[Task inputs]
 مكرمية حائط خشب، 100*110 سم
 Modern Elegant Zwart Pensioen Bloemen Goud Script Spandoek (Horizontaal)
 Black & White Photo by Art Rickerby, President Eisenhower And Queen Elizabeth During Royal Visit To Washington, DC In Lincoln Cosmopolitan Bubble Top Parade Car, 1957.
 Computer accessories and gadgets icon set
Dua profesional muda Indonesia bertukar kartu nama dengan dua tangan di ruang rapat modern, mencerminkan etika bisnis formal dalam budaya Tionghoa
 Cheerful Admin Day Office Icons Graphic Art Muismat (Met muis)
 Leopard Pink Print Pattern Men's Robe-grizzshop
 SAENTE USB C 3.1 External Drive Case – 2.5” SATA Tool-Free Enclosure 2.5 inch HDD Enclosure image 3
...
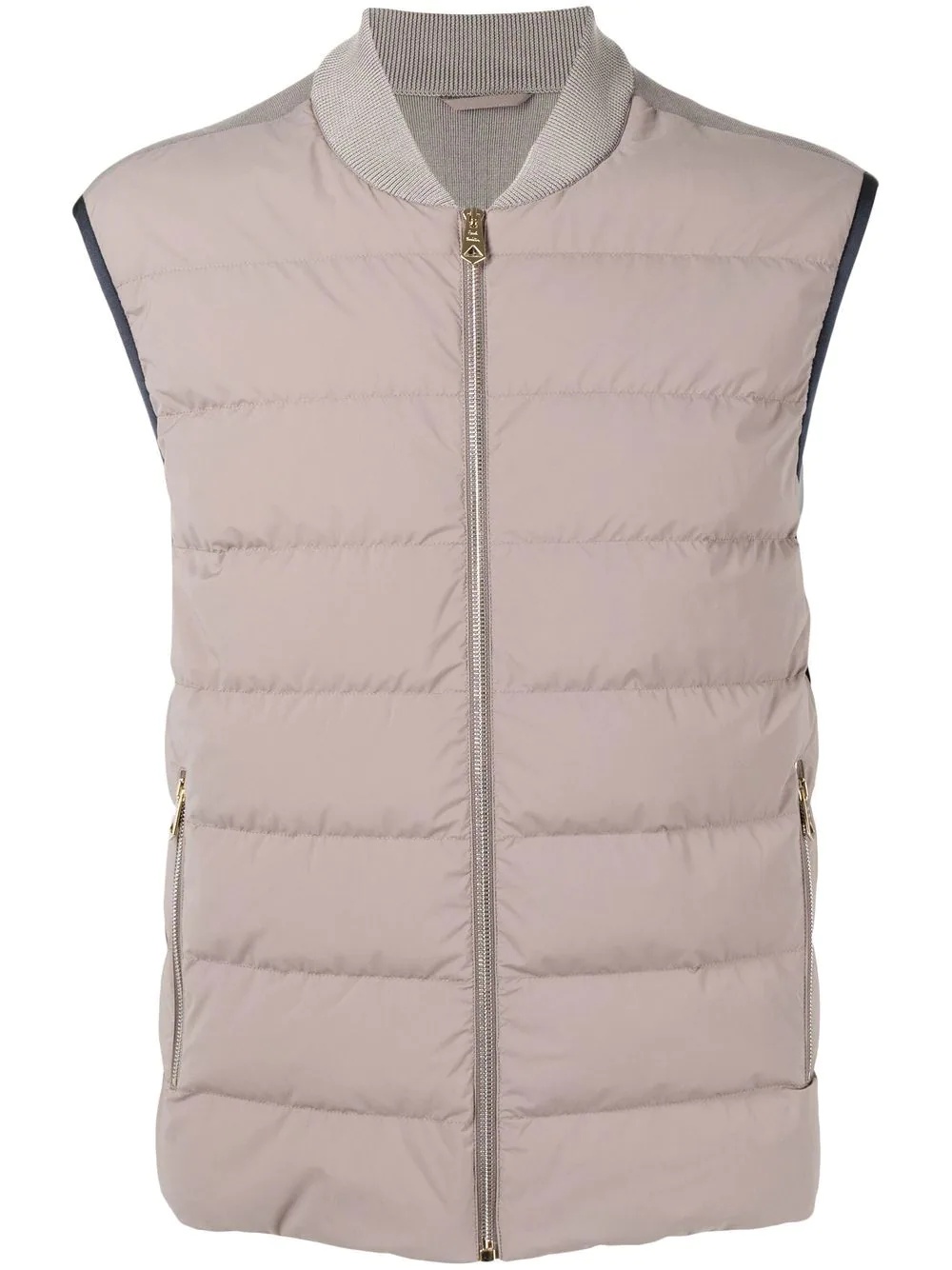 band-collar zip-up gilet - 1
---
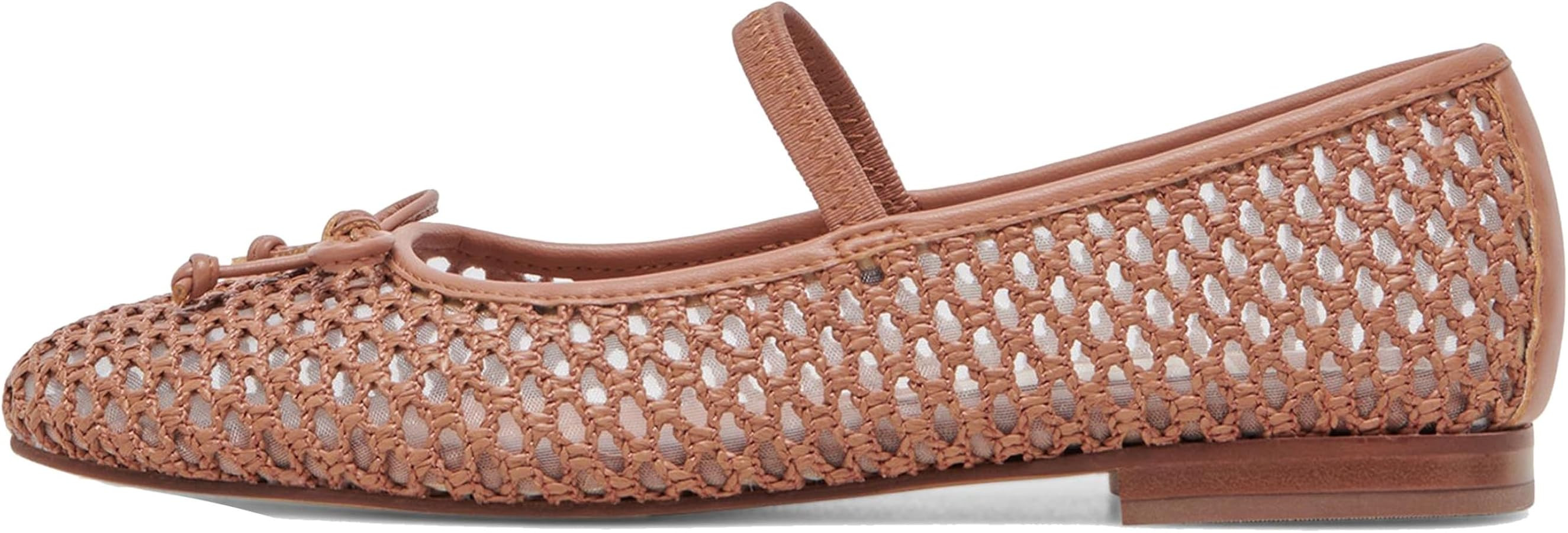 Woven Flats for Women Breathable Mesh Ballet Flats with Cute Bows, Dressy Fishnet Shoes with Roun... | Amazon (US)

[Problem requirements] From the entries above, write out only the lines starting at the line that holds "مكرمية حائط خشب، 100*110 سم" and ending at the line that holds "SAENTE USB C", keeping both and matching them exactly.

[Your response]
 مكرمية حائط خشب، 100*110 سم
 Modern Elegant Zwart Pensioen Bloemen Goud Script Spandoek (Horizontaal)
 Black & White Photo by Art Rickerby, President Eisenhower And Queen Elizabeth During Royal Visit To Washington, DC In Lincoln Cosmopolitan Bubble Top Parade Car, 1957.
 Computer accessories and gadgets icon set
Dua profesional muda Indonesia bertukar kartu nama dengan dua tangan di ruang rapat modern, mencerminkan etika bisnis formal dalam budaya Tionghoa
 Cheerful Admin Day Office Icons Graphic Art Muismat (Met muis)
 Leopard Pink Print Pattern Men's Robe-grizzshop
 SAENTE USB C 3.1 External Drive Case – 2.5” SATA Tool-Free Enclosure 2.5 inch HDD Enclosure image 3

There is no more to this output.